Segment Open

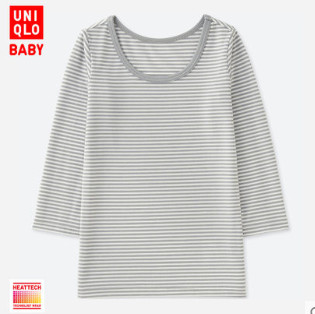 UNIQLO 优衣库 412676 幼儿U领T恤(长袖)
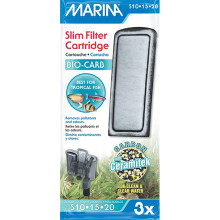 Marina Slim Filter Bio Carb Cartridge (Pack of Three)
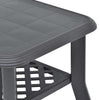 Anthrazitfarbener Couchtisch Boar 90x60x46cm (Kunststoff)
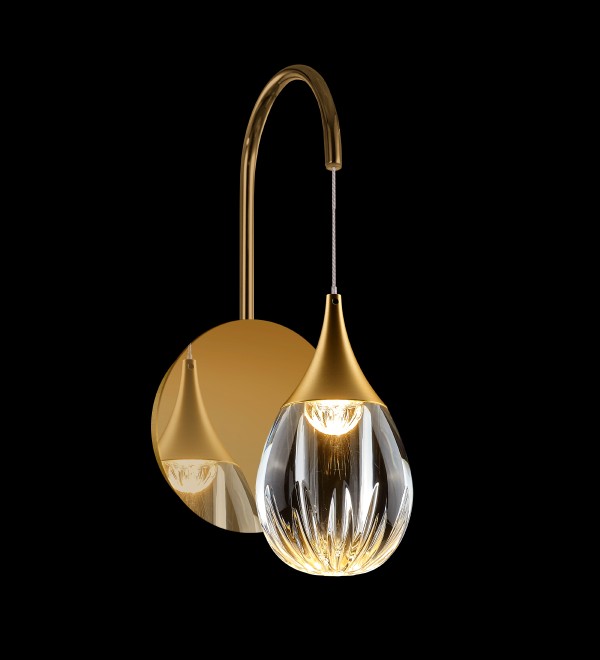 Настенный светильник Delight Collection Stilla MB24001004-1A gold/clear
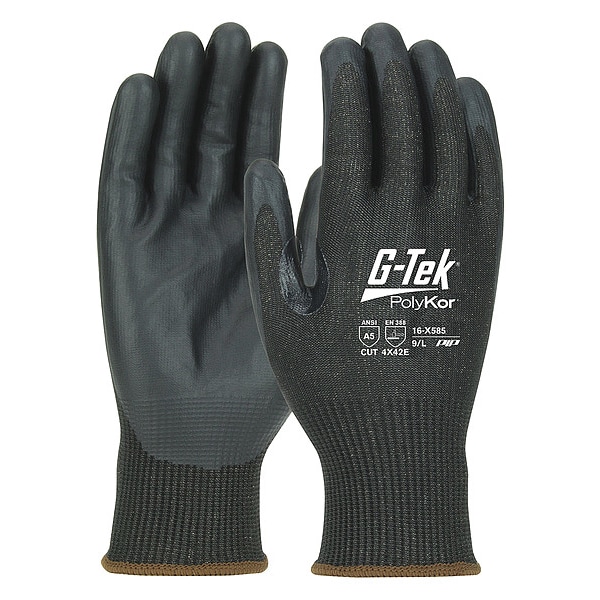 Pip Cut-Resistant Gloves, L, 9" L, PR, PK12 16-X585/L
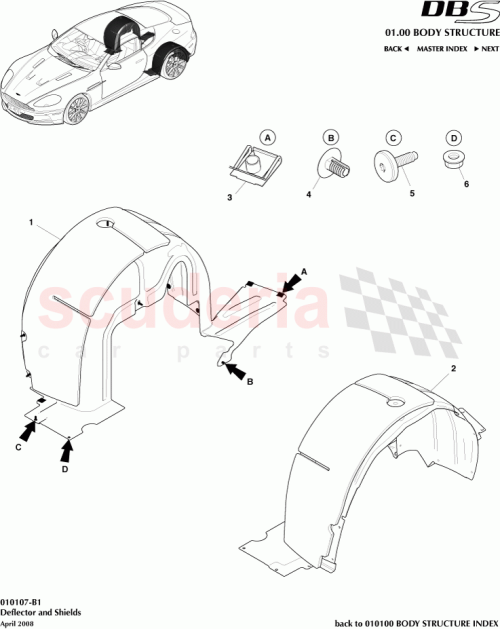 Part Diagram for Aston Martin AD33-54279D22-AF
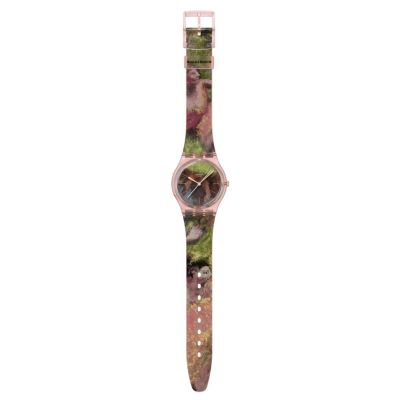 Swatch Armband-Uhr Degas S Dancers Analog Quarz Silikon-Band SO28Z131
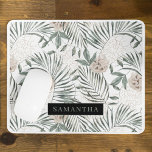 Muster für tropische Wasserfarben und Blätter und  Mousepad<br><div class="desc">Muster für tropische Wasserfarben und Blätter und Blume</div>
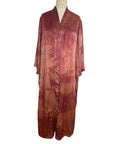 Plant Dyed Burgundy Flame Silk Kimono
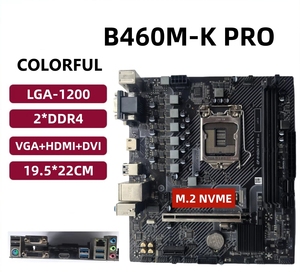 Placa base de escritorio Micro-ATX <span class=keywords><strong>Intel</strong></span> de la serie B460 H410 H510 B560 Z590, colorida, LGA1200, para procesadores Core de 10.ª/11.ª generación, doble DDR4, 64 GB de RAM, M.2, HD-MI - Product Image 6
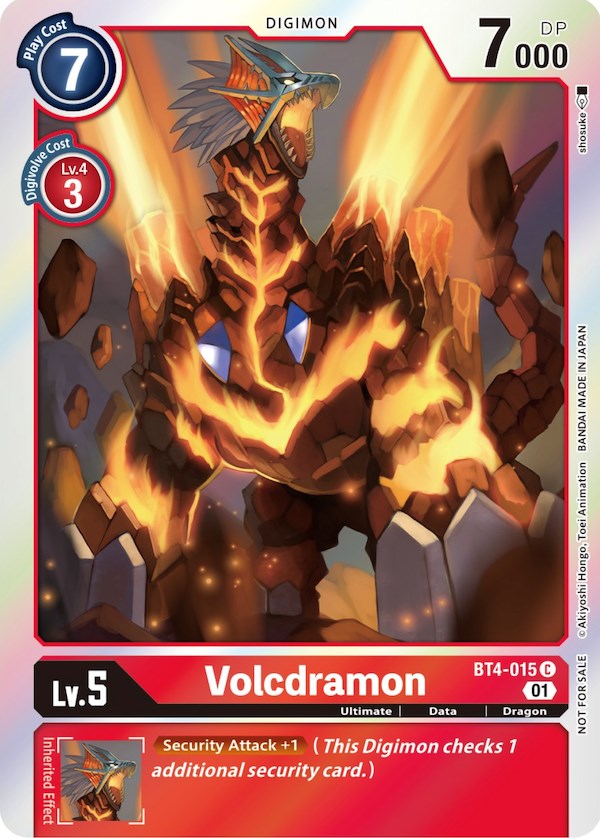 Volcdramon (ST-11 Special Entry Pack) [BT4-015] [Great Legend] Foil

Segment Closed

Return all the data exactly, and keep the pictures out.

 UNIQLO 优衣库 412676 幼儿U领T恤(长袖)
 Marina Slim Filter Bio Carb Cartridge (Pack of Three)
 Anthrazitfarbener Couchtisch Boar 90x60x46cm (Kunststoff)
 Настенный светильник Delight Collection Stilla MB24001004-1A gold/clear
 Pip Cut-Resistant Gloves, L, 9" L, PR, PK12 16-X585/L
 Part Diagram for Aston Martin AD33-54279D22-AF
 Swatch Armband-Uhr Degas S Dancers Analog Quarz Silikon-Band SO28Z131
 Muster für tropische Wasserfarben und Blätter und  Mousepad<br><div class="desc">Muster für tropische Wasserfarben und Blätter und Blume</div>
 Plant Dyed Burgundy Flame Silk Kimono
 Placa base de escritorio Micro-ATX <span class=keywords><strong>Intel</strong></span> de la serie B460 H410 H510 B560 Z590, colorida, LGA1200, para procesadores Core de 10.ª/11.ª generación, doble DDR4, 64 GB de RAM, M.2, HD-MI - Product Image 6
 Volcdramon (ST-11 Special Entry Pack) [BT4-015] [Great Legend] Foil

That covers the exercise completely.